That was the case here. A line-by-line comparison against the paper exposed the missing weight at once, because the paper weights and the implementation averaged. A separate defect was only a false label: a run marked “4 cohorts” was built on a three-cohort panel. It changed no estimate, and it was wrong on every figure that carried the label.

The routine

Stripped of the rolling DiD example, the routine is short enough to reuse:

1. Write down the estimand from the paper or canonical implementation before reading the generated code.
2. In the spec, name the low-visibility choices implementations get wrong: comparison set, weighting, transformation window, indexing.
3. Build a controlled DGP and plant the true value of the parameter.
4. Run the implementation across many draws and require it to recover that value.
5. Break the easy symmetries in the test data so weighting and aggregation mistakes become visible.
6. Read the implementation against the source on each weight, aggregation step, index, and any label that asserts a fact about the data.

The first two steps define the target; the rest check whether the implementation reaches it. The verification standard comes from the estimator and the source definition, not from the fact that the code ran.

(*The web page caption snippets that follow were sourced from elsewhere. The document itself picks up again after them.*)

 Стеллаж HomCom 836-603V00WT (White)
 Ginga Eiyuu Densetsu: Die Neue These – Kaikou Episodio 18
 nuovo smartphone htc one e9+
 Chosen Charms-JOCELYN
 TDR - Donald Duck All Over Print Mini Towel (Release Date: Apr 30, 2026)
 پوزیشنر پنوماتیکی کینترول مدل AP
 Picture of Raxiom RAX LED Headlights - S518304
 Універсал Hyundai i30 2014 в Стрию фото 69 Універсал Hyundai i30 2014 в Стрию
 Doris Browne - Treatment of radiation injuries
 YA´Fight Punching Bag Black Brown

When a reimplementation is worth the cost

This routine is the cost of rebuilding an estimator outside its original software, and it is worth paying only when the reimplementation gives us something the canonical package cannot. A reimplementation is worth the cost when:

• the analysis has to run in an open or Python-based workflow;
• the estimator needs to sit inside a larger reproducible pipeline;
• the specification we need does not exist in a maintained package and would have to be built anyway.

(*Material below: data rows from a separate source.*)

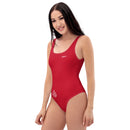 Asgera ® Sport Badeanzug Red (Damen)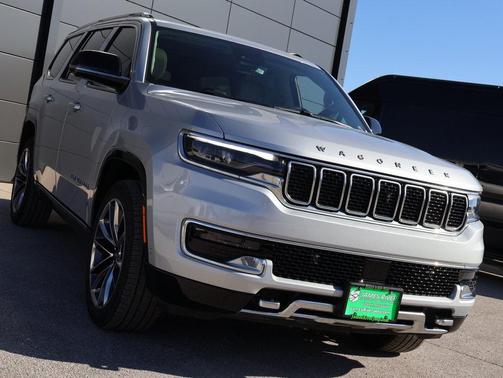 2023 Jeep Wagoneer Series III 4x4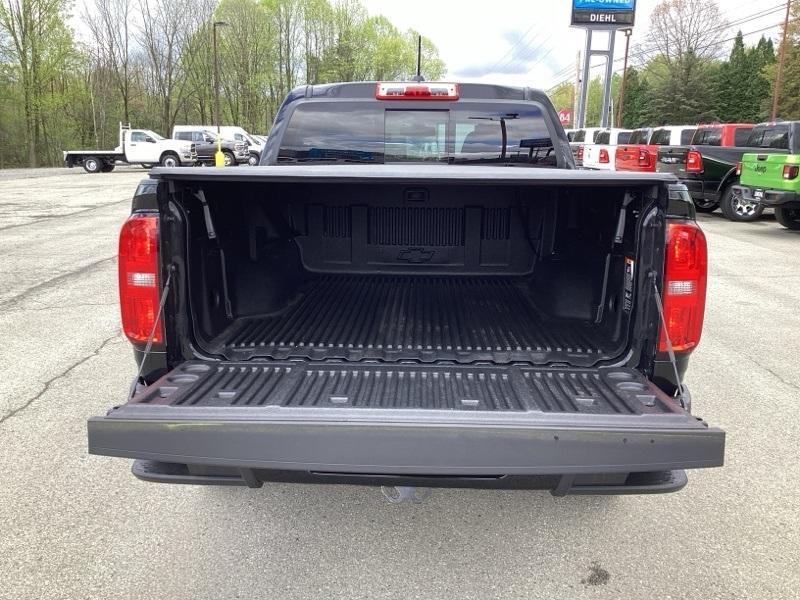 used 2022 Chevrolet Colorado car, priced at $34,000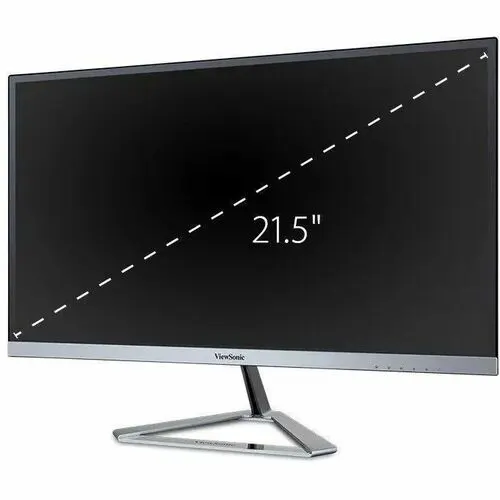 Monitor Led Fhd 22in Resolucion 1920x1080 Relacion De Aspecto 16:9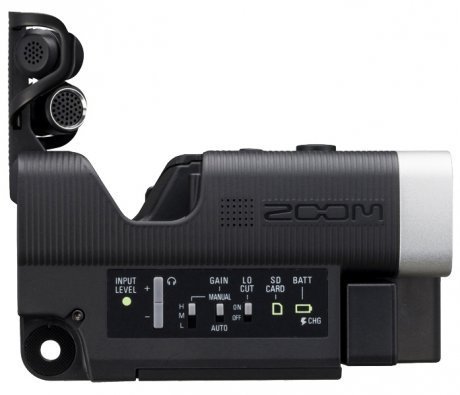 Экшн-камера Zoom Q4n - фото 3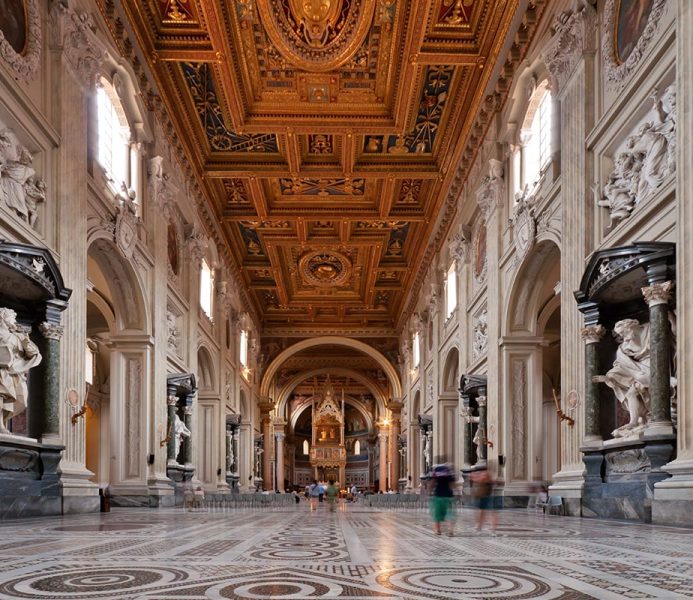 Basilica of St. John Lateran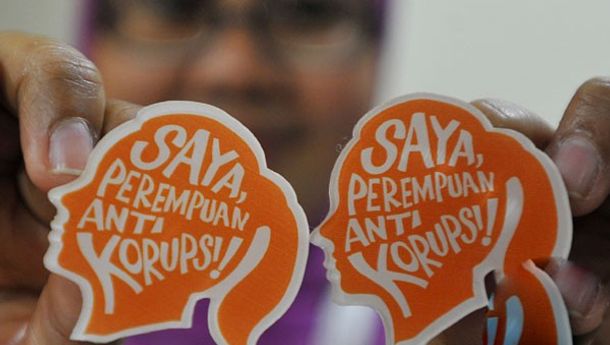 Indeks Persepsi Korupsi Indonesia Naik Menjadi 38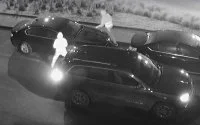 Marokko: dieven met SUV demonteren auto in enkele minuten (video)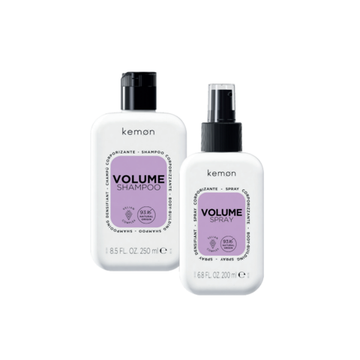Kemon Volume Shampoo Придающий объем шампунь для тонких волос, 1000 ml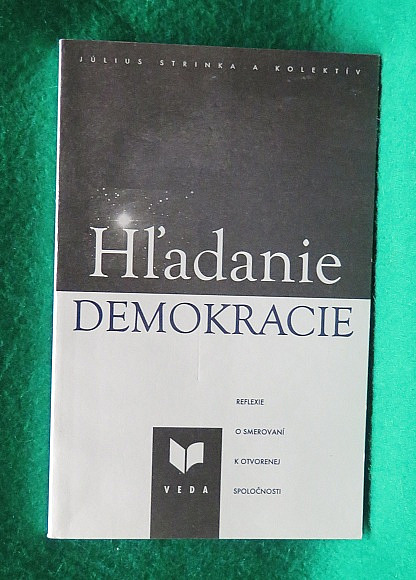 Hľadanie demokracie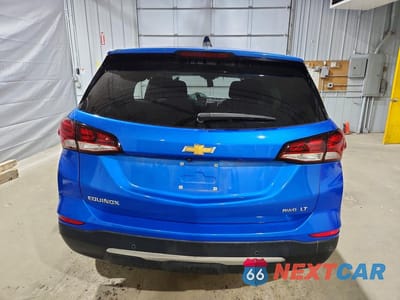 Zdjęcie 6 z 14 samochodu: 2024 CHEVROLET EQUINOX LT VIN:3GNAXUEG8RS121451 - miniatura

When a maintained package already covers the specification, the result is one-off, and nothing downstream needs the new language, the package is the better choice. A reimplementation adds the full verification burden; left unpaid, the new code is worse than the original, carrying the same appearance of precision with less assurance behind it.

AI assistants move this calculation in one direction only. They lower the cost of producing a first draft. They do not lower the cost of verification, and they raise it by making omissions easier to miss.

Closing

The question is whether the implementation matches the estimator and the design we claim to be using, not whether the code runs. That has always been true in econometrics; AI assistants make it more immediate, because they cut the cost of a plausible first draft without cutting the cost of verification.

The routine is portable: write down the estimand, name the low-visibility choices, plant a known truth in a DGP, break the convenient symmetries, and read the implementation against the source. It applies to any estimator, in any language, to code written by us, by colleagues, or by an assistant. The tool drafts the code; the standard it has to meet comes from the estimator, and meeting that standard is our work.

Notes

1. Cholette, V. (2026, June 13). When a policy reaches only a few units: rolling difference-in-differences (lwdid). Too Early To Say. https://tooearlytosay.com/research/methodology/lwdid-rolling-difference-in-differences/
2. Numbers are from the saved reproduction output. Against a planted true effect of 1.0, the corrected code returns a detrend estimate of 1.13 and the input-ordering-error version returns 0.18 (results_hard_buggy.csv vs results_hard_correct.csv). For the weighting check (weighting_blindspot.csv): on the equal-cohort panel the weighted and unweighted event-time paths are identical (maximum absolute difference 0.000); on the unequal-cohort panel they diverge, with a maximum absolute difference of 0.139 at event time r = 6 (weighted 0.54, unweighted 0.68).